On Mon, Dec 09, 2024 at 10:40:51AM +0300, Daniil Tatianin wrote:
On 12/6/24 4:08 AM, Peter Xu wrote:
On Fri, Dec 06, 2024 at 02:19:06AM +0300, Daniil Tatianin wrote:
Currently, passing mem-lock=on to QEMU causes memory usage to grow by
huge amounts:
no memlock:
$ qemu-system-x86_64 -overcommit mem-lock=off
$ ps -p $(pidof ./qemu-system-x86_64) -o rss=
45652
$ ./qemu-system-x86_64 -overcommit mem-lock=off -enable-kvm
$ ps -p $(pidof ./qemu-system-x86_64) -o rss=
39756
memlock:
$ qemu-system-x86_64 -overcommit mem-lock=on
$ ps -p $(pidof ./qemu-system-x86_64) -o rss=
1309876
$ ./qemu-system-x86_64 -overcommit mem-lock=on -enable-kvm
$ ps -p $(pidof ./qemu-system-x86_64) -o rss=
259956
This is caused by the fact that mlockall(2) automatically
write-faults every existing and future anonymous mappings in the
process right away.
One of the reasons to enable mem-lock is to protect a QEMU process'
pages from being compacted and migrated by kcompactd (which does so
by messing with a live process page tables causing thousands of TLB
flush IPIs per second) basically stealing all guest time while it's
active.
mem-lock=on helps against this (given compact_unevictable_allowed is 0),
but the memory overhead it introduces is an undesirable side effect,
which we can completely avoid by passing MCL_ONFAULT to mlockall, which
is what this series allows to do with a new command line option called
mem-lock-onfault.
IMHO it'll be always helpful to dig and provide information on why such
difference existed.
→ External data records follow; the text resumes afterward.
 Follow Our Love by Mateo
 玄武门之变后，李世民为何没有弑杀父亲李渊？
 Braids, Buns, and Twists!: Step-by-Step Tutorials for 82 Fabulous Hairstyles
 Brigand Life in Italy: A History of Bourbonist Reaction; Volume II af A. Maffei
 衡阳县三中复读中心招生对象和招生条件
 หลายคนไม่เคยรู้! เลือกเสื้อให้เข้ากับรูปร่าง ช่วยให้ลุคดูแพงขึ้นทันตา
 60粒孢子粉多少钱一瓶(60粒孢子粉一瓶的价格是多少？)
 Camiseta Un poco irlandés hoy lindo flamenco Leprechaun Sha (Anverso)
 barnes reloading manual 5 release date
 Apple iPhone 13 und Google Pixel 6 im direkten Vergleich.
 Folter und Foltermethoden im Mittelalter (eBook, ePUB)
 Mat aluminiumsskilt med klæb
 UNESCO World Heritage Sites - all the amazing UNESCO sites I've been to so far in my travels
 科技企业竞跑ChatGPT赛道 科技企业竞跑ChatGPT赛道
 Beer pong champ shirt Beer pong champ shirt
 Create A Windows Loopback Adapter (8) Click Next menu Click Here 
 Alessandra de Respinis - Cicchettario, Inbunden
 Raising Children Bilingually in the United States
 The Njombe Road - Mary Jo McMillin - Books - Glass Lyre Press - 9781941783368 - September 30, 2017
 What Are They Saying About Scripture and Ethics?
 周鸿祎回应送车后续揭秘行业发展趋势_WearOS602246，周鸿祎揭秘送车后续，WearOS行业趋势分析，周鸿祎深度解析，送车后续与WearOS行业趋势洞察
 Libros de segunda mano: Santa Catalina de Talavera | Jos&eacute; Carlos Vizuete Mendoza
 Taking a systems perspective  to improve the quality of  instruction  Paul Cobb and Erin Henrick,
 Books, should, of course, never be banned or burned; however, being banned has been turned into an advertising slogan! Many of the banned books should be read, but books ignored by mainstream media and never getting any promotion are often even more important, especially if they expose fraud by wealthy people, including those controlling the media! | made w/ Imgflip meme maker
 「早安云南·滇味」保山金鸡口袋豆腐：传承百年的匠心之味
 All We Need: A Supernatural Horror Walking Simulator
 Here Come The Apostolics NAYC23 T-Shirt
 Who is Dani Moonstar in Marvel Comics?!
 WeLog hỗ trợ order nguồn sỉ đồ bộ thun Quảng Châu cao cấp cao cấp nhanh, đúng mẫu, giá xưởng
E.g. guest mem should normally be the major mem sink
and that definitely won't be affected by either ON_FAULT or not.
I had a quick look explicitly on tcg (as that really surprised me a bit..).
When you look at the mappings there's 1G constant shmem map that always got
locked and populated.
It turns out to be tcg's jit buffer, alloc_code_gen_buffer_splitwx_memfd:
Thanks for looking into this! I'd guessed it was something to do with JIT,
makes sense.
buf_rw = qemu_memfd_alloc("tcg-jit", size, 0, &fd, errp);
if (buf_rw == NULL) {
goto fail;
}
buf_rx = mmap(NULL, size, host_prot_read_exec(), MAP_SHARED, fd, 0);
if (buf_rx == MAP_FAILED) {
error_setg_errno(errp, errno,
"failed to map shared memory for execute");
goto fail;
}
Looks like that's the major reason why tcg has mlockall bloated constantly
with roughly 1G size - that seems to be from tcg_init_machine(). I didn't
check kvm.
Logically having a on-fault option won't ever hurt, so probably not an
issue to have it anyway. Still, share my finding above, as IIUC that's
mostly why it was bloated for tcg, so maybe there're other options too.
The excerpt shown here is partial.